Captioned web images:

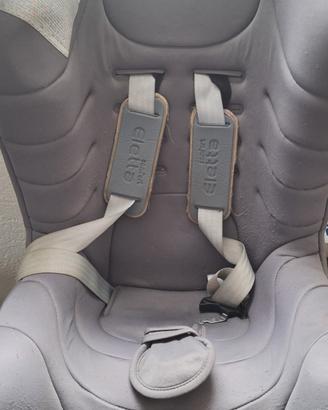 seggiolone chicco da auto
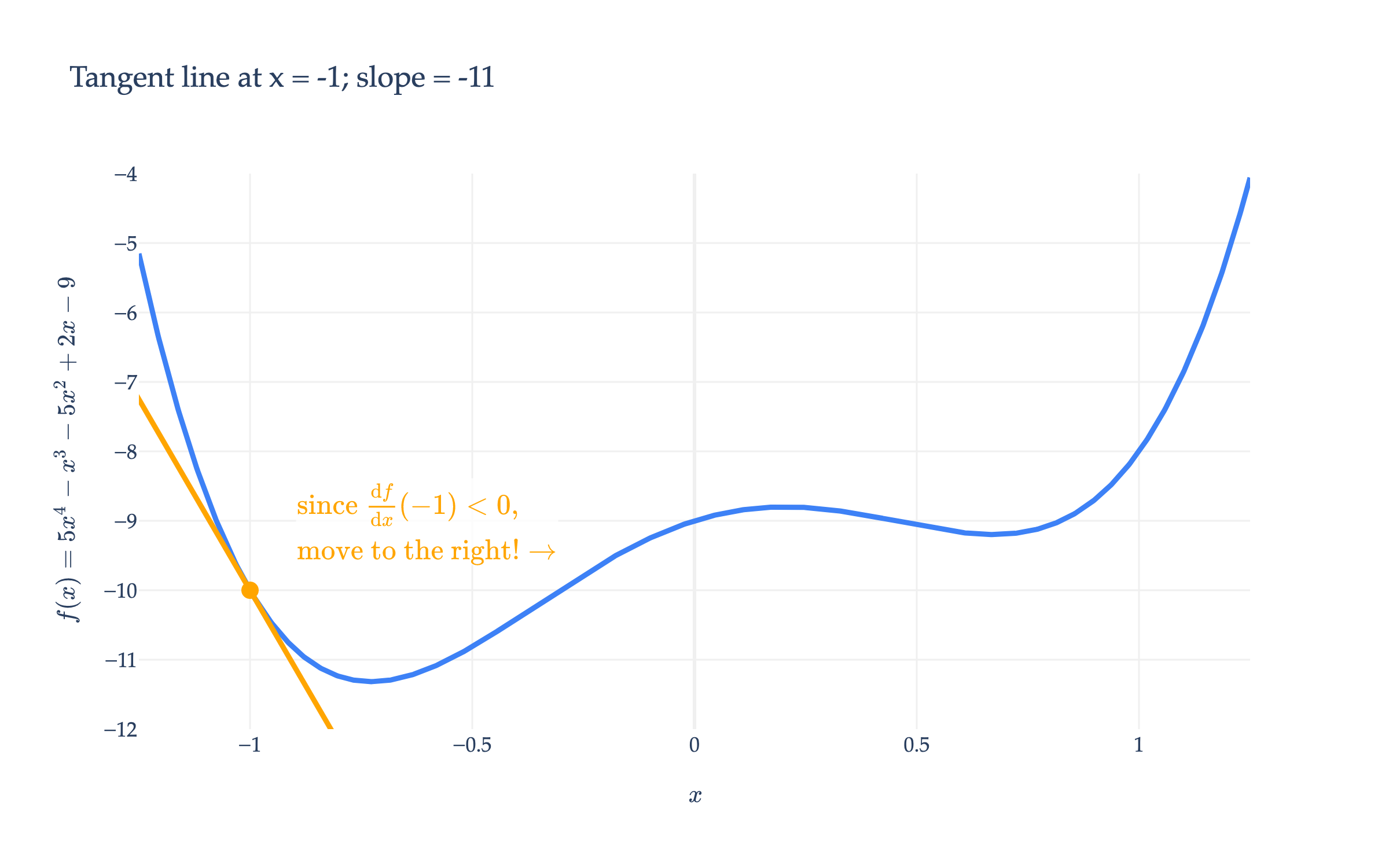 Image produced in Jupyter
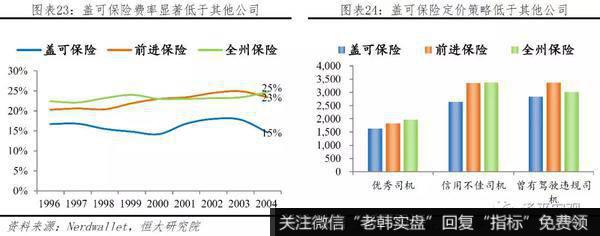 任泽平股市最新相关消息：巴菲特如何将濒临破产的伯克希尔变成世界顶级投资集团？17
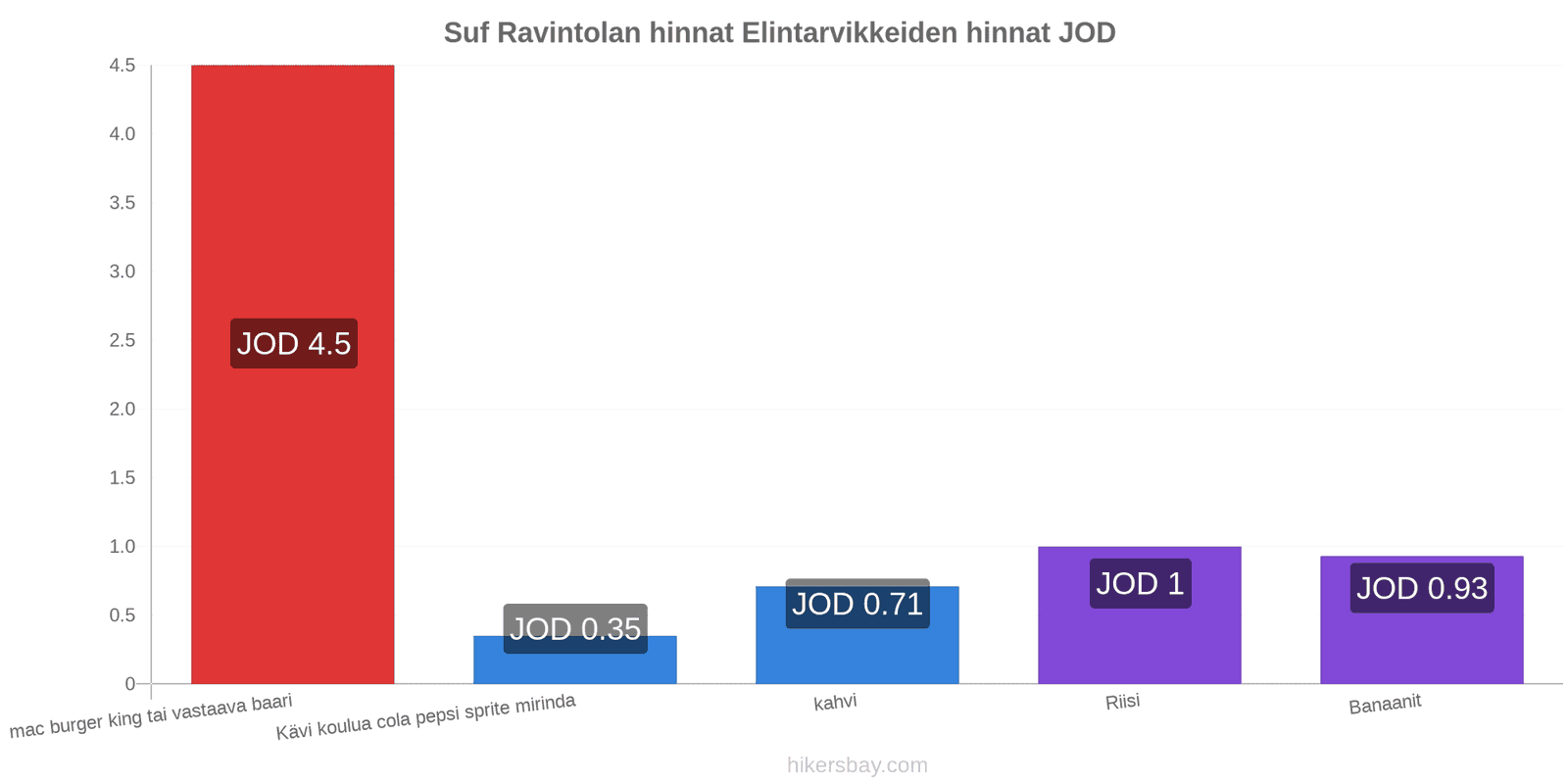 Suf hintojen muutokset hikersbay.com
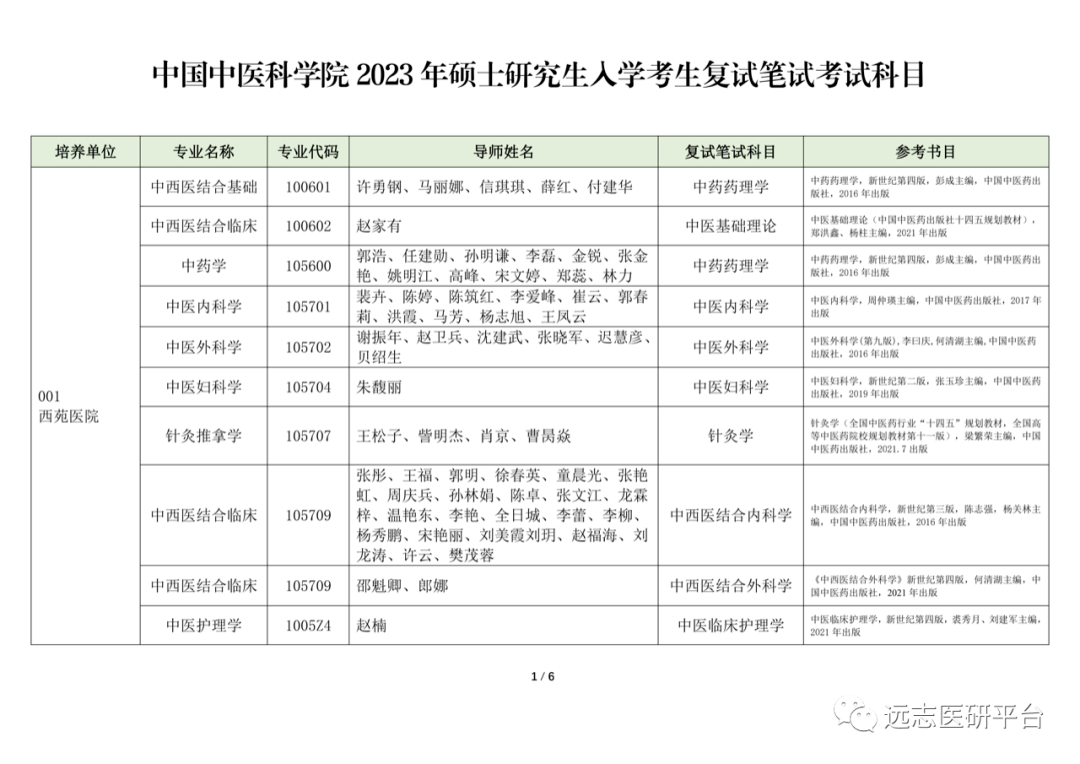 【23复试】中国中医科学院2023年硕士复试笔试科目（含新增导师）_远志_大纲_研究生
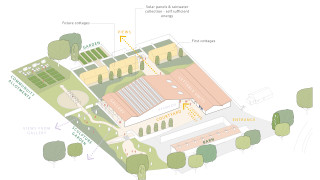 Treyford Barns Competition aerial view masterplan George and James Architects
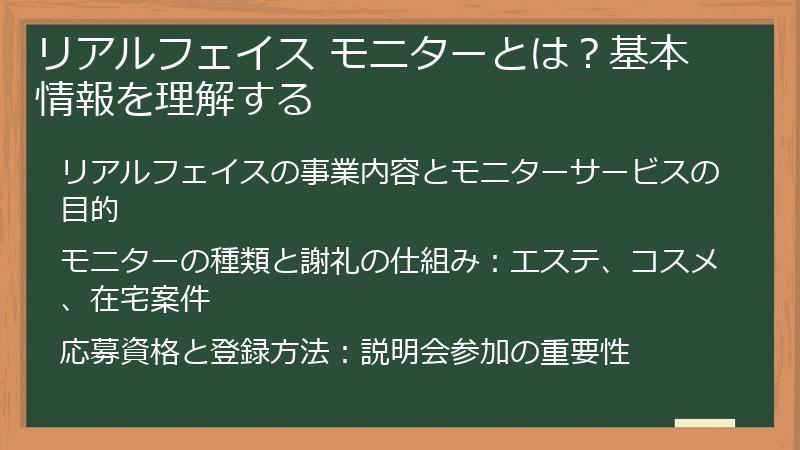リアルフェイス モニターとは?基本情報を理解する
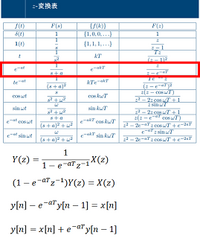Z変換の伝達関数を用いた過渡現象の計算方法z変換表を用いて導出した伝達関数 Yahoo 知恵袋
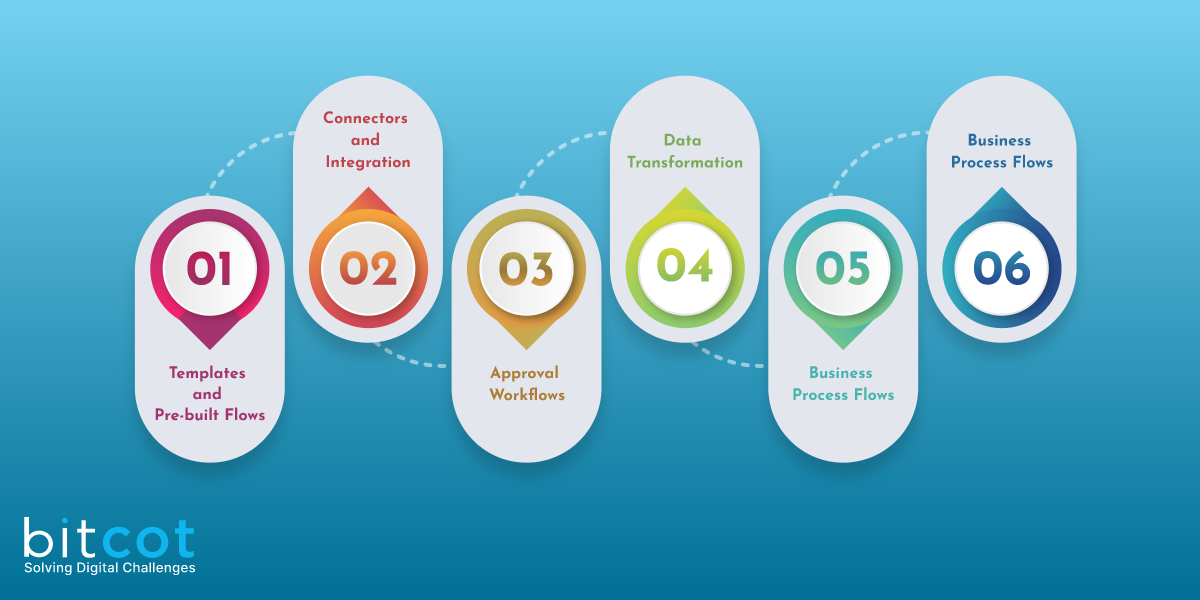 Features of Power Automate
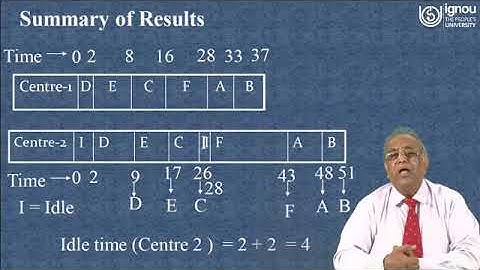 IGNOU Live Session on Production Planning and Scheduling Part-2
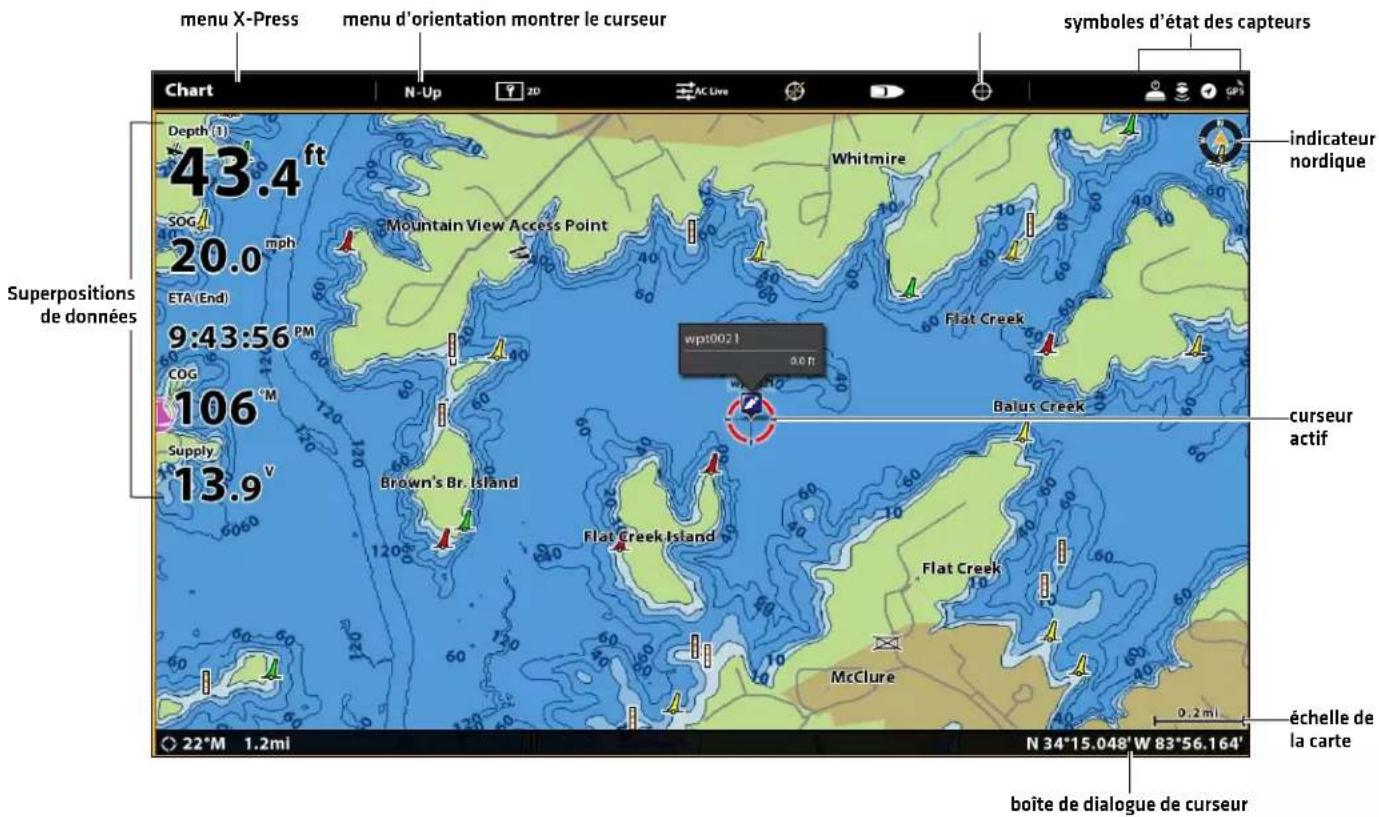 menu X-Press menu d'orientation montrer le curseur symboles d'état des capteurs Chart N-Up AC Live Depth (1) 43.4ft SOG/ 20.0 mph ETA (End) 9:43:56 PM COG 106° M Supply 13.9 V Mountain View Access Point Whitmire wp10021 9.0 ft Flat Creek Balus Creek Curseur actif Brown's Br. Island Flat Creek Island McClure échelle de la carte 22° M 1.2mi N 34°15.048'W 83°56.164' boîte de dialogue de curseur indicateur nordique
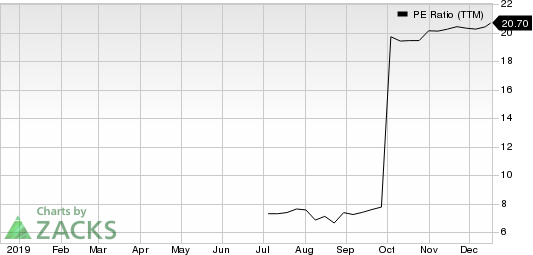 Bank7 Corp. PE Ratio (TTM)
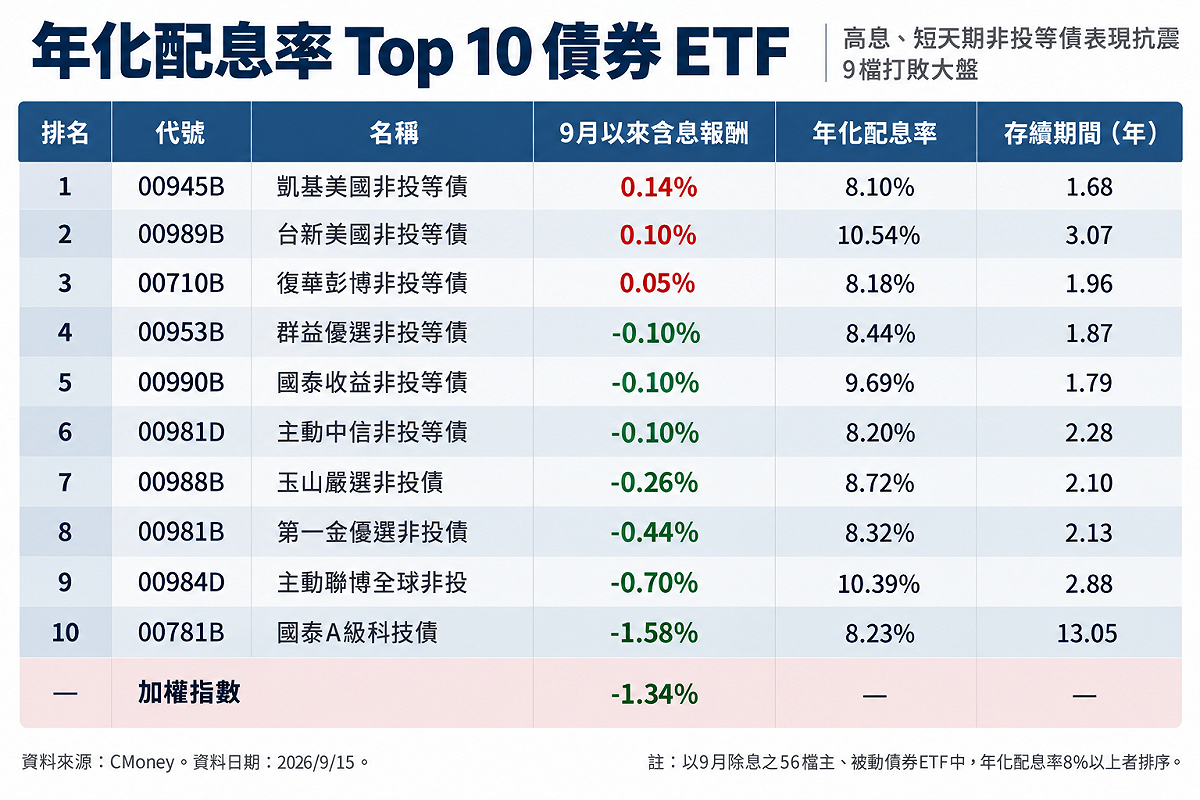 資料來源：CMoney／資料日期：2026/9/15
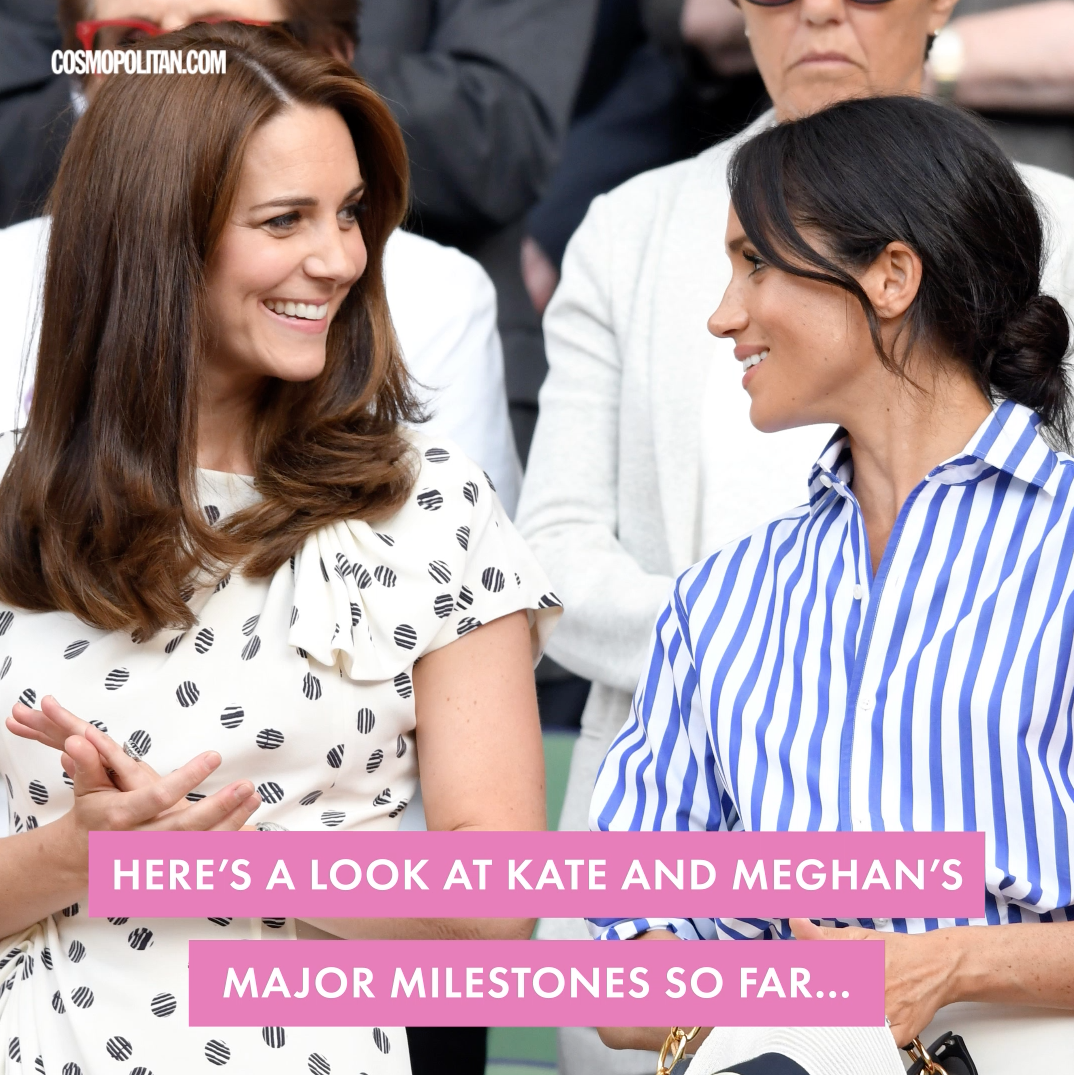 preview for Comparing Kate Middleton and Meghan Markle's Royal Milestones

▶ _Problem description_: An exact copy of the entries, without any pictures, is what the answer should be.

▶ _Solution to the problem_:
 seggiolone chicco da auto
 Image produced in Jupyter
 任泽平股市最新相关消息：巴菲特如何将濒临破产的伯克希尔变成世界顶级投资集团？17
 Suf hintojen muutokset hikersbay.com
 【23复试】中国中医科学院2023年硕士复试笔试科目（含新增导师）_远志_大纲_研究生
 Treyford Barns Competition aerial view masterplan George and James Architects
リアルフェイス モニターとは?基本情報を理解する
Z変換の伝達関数を用いた過渡現象の計算方法z変換表を用いて導出した伝達関数 Yahoo 知恵袋
 Features of Power Automate
 IGNOU Live Session on Production Planning and Scheduling Part-2
 menu X-Press menu d'orientation montrer le curseur symboles d'état des capteurs Chart N-Up AC Live Depth (1) 43.4ft SOG/ 20.0 mph ETA (End) 9:43:56 PM COG 106° M Supply 13.9 V Mountain View Access Point Whitmire wp10021 9.0 ft Flat Creek Balus Creek Curseur actif Brown's Br. Island Flat Creek Island McClure échelle de la carte 22° M 1.2mi N 34°15.048'W 83°56.164' boîte de dialogue de curseur indicateur nordique
 Bank7 Corp. PE Ratio (TTM)
 資料來源：CMoney／資料日期：2026/9/15
 preview for Comparing Kate Middleton and Meghan Markle's Royal Milestones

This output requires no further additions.